The elevated process inherits the full environment of the calling step, including all manifest variables (TOOLS_BIN_HOME, MANIFEST_FILE, etc.) and all utility functions from utils.sh.

function _doInstall() {
  winget install --id Docker.DockerDesktop --accept-package-agreements --accept-source-agreements
}

function installWindows() {
  if ! command -v docker &> /dev/null; then
    runElevated _doInstall
  fi
}

runIf isWindows installWindows

Copying bin files with installBinFiles

Call installBinFiles to copy scripts from the step's bin/ directory into $TOOLS_BIN_HOME, where they will be on the user's PATH.

installBinFiles

It looks for files in two places, in this order:

  1. ./bin/ — installed on all platforms
  2. ./bin/osx/, ./bin/windows/, or ./bin/linux/ — installed on the matching OS only, overwriting any same-named file from step 1

Every installed file is made executable automatically. If a file with the same name exists under ./completion/, its contents are also written into ~/.bashrc as a tab-completion script.

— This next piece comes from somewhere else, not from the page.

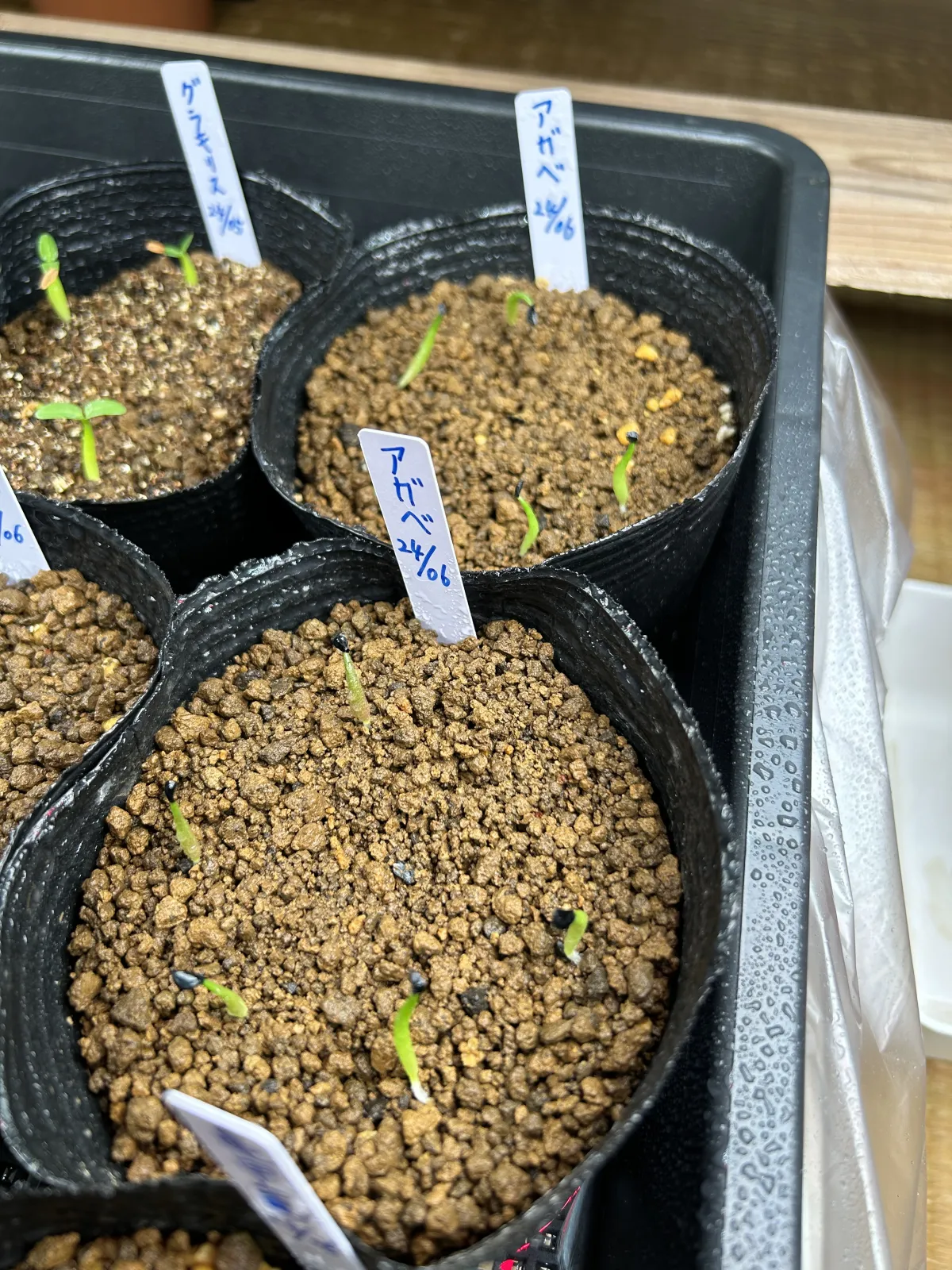 Agave titanota 'Blue' (アガベ チタノタブルー)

Writing to ~/.bashrc with addToBashrc

Use addToBashrc when a step needs to add something to the user's shell environment — exports, aliases, functions, or completion hooks.

addToBashrc <id> <content>

<content> can be a function name or a string. Passing a function name extracts its body, which lets you write the content as a real bash function and get syntax highlighting in your editor.

# Function — body is extracted, editor highlights it correctly
function myShellConfig() {
  export TOOLS_BIN_HOME="$HOME/tools/bin"
  alias ll="ls -lah"
}
addToBashrc "my-step" myShellConfig

# String — good for short one-liners
addToBashrc "gh-completion" 'eval "$(gh completion --shell bash)"'

The block is wrapped in # BEGIN devtools:<id> / # END devtools:<id> markers. On re-runs the old block is removed before the new one is written, so setup is safe to run multiple times. Use a unique <id> per block — the step name is a good default.